▶ _Assignment_
What you return must match, exactly, the lines running from the one containing "Những điểm bảo vệ cốt lõi thông tin" to the end of the data, both included, and must contain no pictures.

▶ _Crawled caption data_
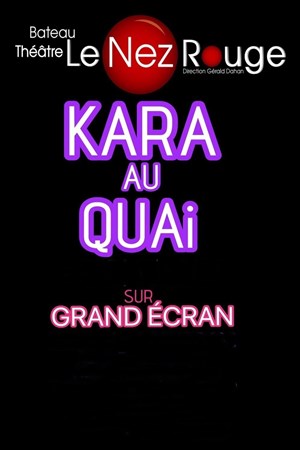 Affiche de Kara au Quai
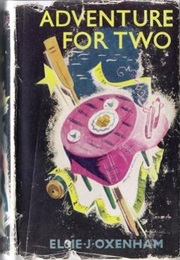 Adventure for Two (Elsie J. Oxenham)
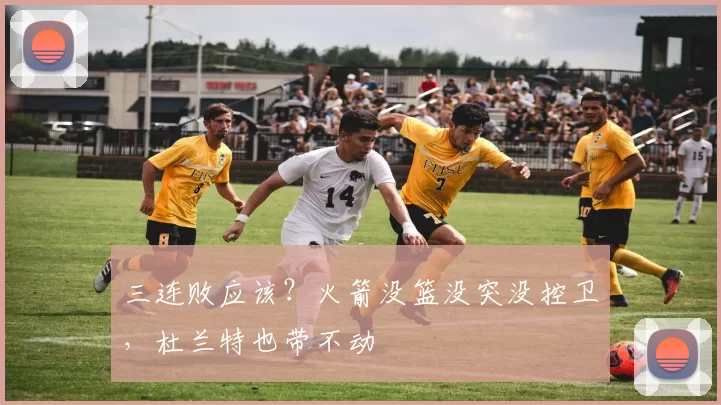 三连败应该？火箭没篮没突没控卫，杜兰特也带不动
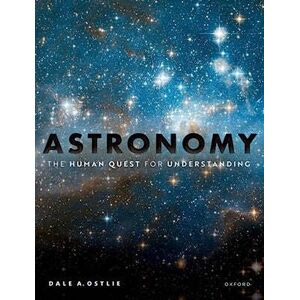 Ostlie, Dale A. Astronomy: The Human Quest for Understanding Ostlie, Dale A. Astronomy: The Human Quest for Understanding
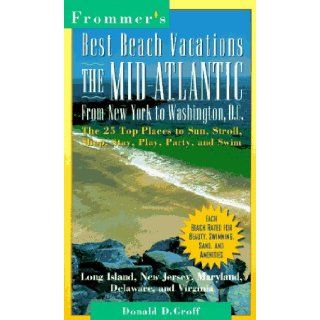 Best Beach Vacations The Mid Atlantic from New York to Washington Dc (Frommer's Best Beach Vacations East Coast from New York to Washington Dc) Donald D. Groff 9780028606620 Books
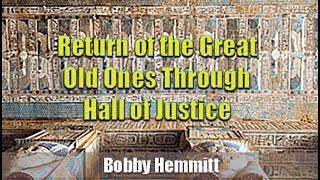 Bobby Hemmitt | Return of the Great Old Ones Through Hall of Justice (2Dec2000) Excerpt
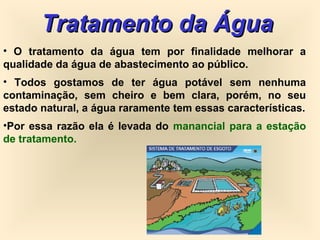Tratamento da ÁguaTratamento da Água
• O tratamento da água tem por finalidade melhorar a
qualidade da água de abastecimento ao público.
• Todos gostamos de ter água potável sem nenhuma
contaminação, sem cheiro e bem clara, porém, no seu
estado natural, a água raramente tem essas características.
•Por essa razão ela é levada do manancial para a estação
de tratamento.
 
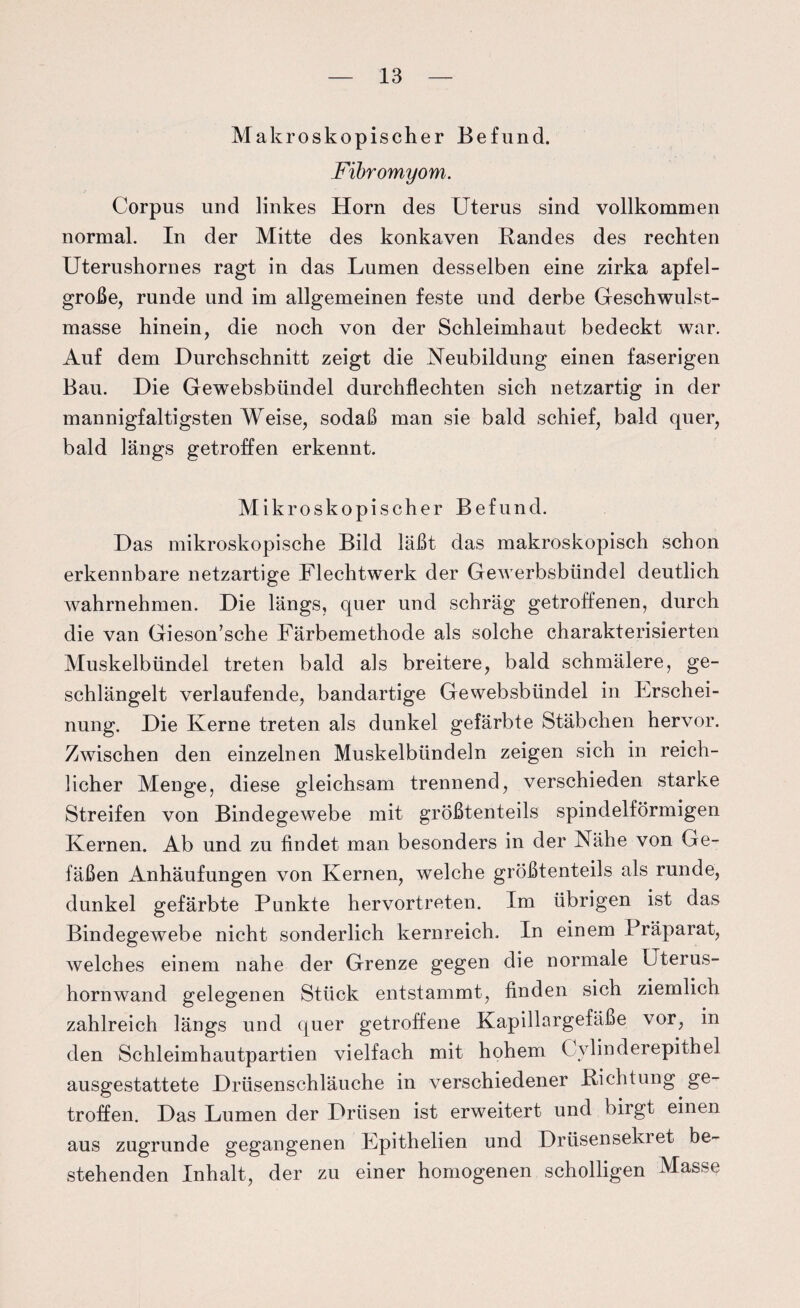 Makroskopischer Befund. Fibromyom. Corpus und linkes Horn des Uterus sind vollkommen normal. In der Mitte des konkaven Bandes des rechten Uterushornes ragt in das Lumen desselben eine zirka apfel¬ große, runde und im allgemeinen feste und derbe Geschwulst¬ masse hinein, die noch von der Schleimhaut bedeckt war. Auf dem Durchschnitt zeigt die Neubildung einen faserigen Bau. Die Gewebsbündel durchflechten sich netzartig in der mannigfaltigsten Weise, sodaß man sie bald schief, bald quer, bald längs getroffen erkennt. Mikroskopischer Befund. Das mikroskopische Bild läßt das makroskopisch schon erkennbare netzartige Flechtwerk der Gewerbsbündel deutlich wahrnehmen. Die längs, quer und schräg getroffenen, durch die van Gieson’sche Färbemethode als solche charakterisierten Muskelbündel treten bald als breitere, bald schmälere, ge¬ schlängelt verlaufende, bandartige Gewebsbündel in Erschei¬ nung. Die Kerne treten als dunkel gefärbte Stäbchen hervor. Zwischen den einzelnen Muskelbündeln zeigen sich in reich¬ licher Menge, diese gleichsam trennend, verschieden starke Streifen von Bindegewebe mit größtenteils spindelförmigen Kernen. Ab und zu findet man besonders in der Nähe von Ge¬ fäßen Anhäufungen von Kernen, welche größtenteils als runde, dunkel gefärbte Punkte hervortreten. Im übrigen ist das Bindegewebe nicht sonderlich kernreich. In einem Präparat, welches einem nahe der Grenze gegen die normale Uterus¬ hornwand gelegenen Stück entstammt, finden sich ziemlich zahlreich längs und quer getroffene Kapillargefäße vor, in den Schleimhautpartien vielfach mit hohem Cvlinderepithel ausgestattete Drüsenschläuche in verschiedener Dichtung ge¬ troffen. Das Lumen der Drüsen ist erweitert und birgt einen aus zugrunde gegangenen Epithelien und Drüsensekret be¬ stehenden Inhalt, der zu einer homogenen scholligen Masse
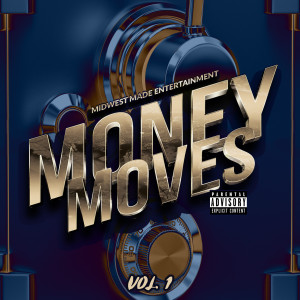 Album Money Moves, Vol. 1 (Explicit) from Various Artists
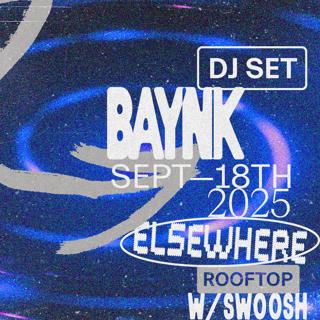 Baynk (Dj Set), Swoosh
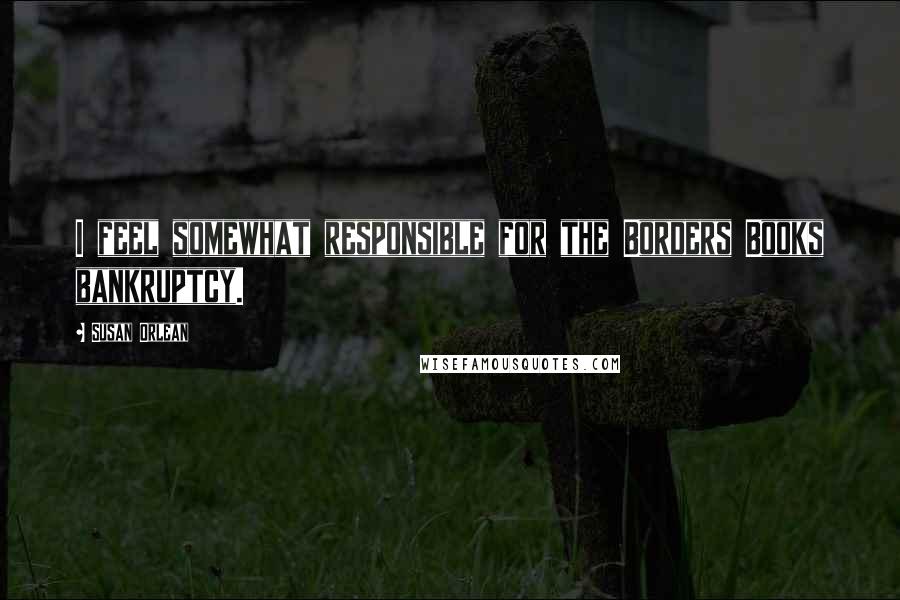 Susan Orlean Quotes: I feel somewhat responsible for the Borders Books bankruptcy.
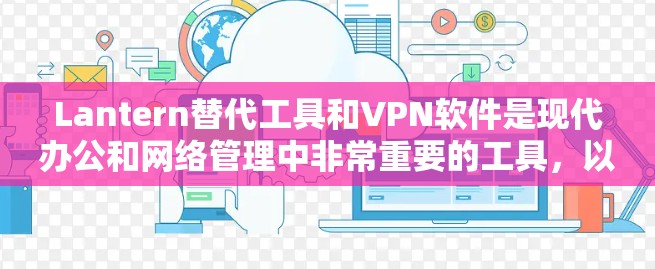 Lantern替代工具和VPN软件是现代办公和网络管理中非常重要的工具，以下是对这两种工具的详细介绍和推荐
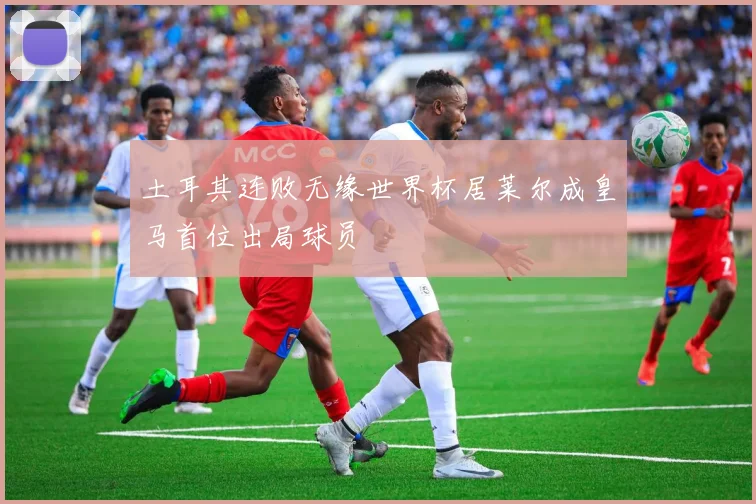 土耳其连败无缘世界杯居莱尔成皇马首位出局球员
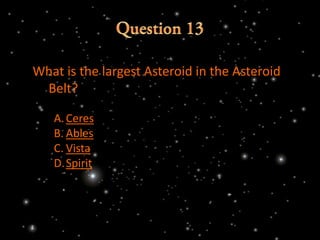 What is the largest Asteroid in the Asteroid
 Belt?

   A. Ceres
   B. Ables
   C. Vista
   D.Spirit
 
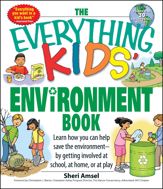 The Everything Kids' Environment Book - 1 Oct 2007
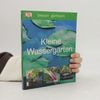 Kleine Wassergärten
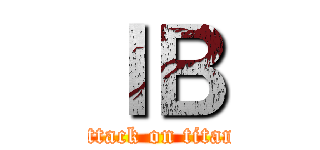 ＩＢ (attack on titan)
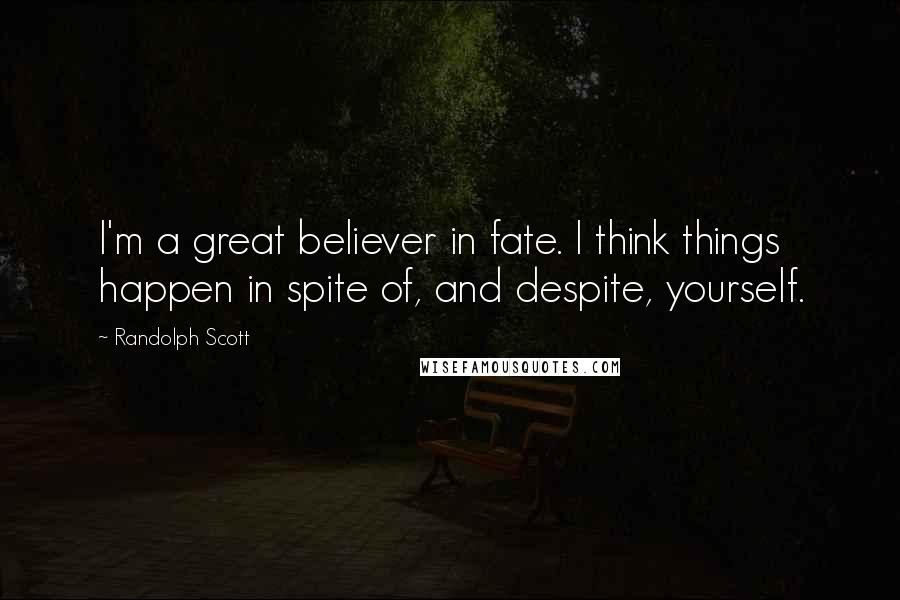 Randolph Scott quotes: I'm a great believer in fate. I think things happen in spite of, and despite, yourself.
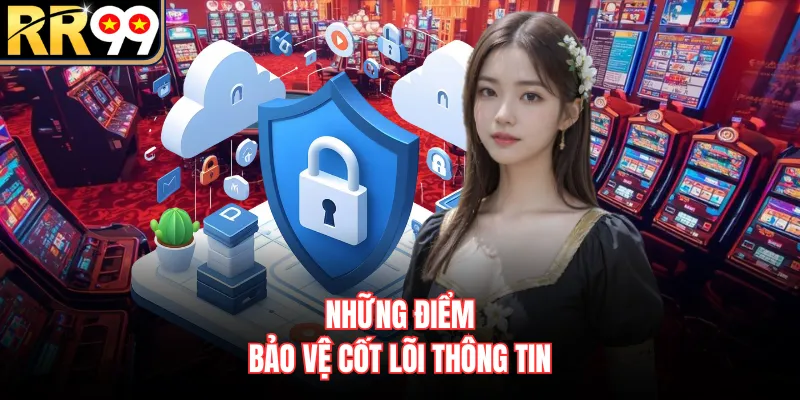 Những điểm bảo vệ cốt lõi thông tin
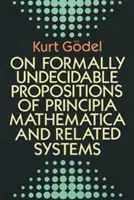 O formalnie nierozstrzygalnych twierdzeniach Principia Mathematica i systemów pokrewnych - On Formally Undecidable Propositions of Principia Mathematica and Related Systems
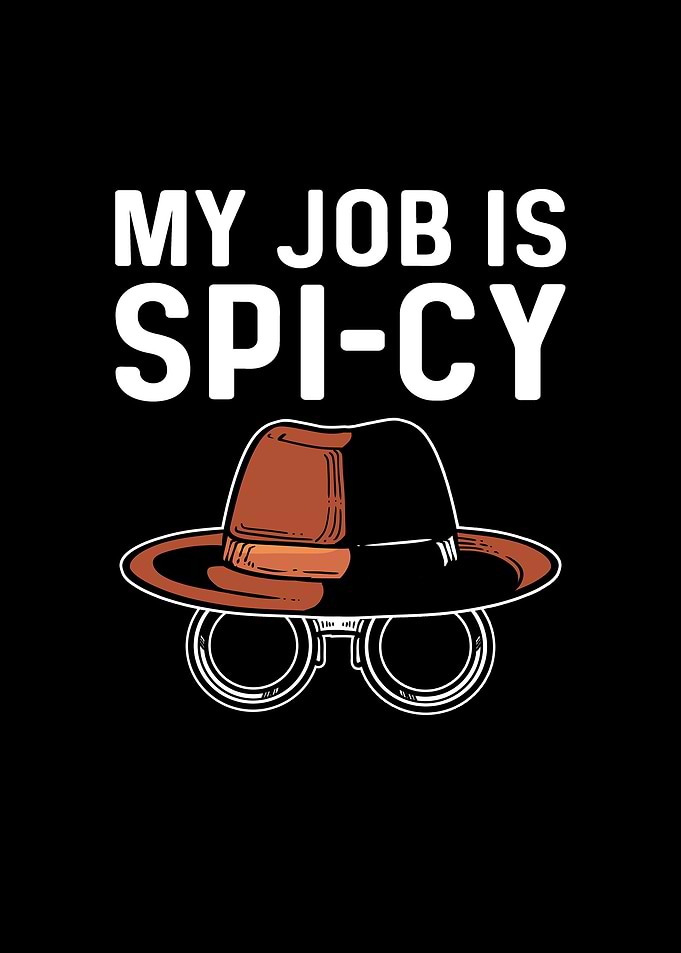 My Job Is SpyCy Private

▶ _Reply to the exercise_
 Những điểm bảo vệ cốt lõi thông tin
 O formalnie nierozstrzygalnych twierdzeniach Principia Mathematica i systemów pokrewnych - On Formally Undecidable Propositions of Principia Mathematica and Related Systems
 My Job Is SpyCy Private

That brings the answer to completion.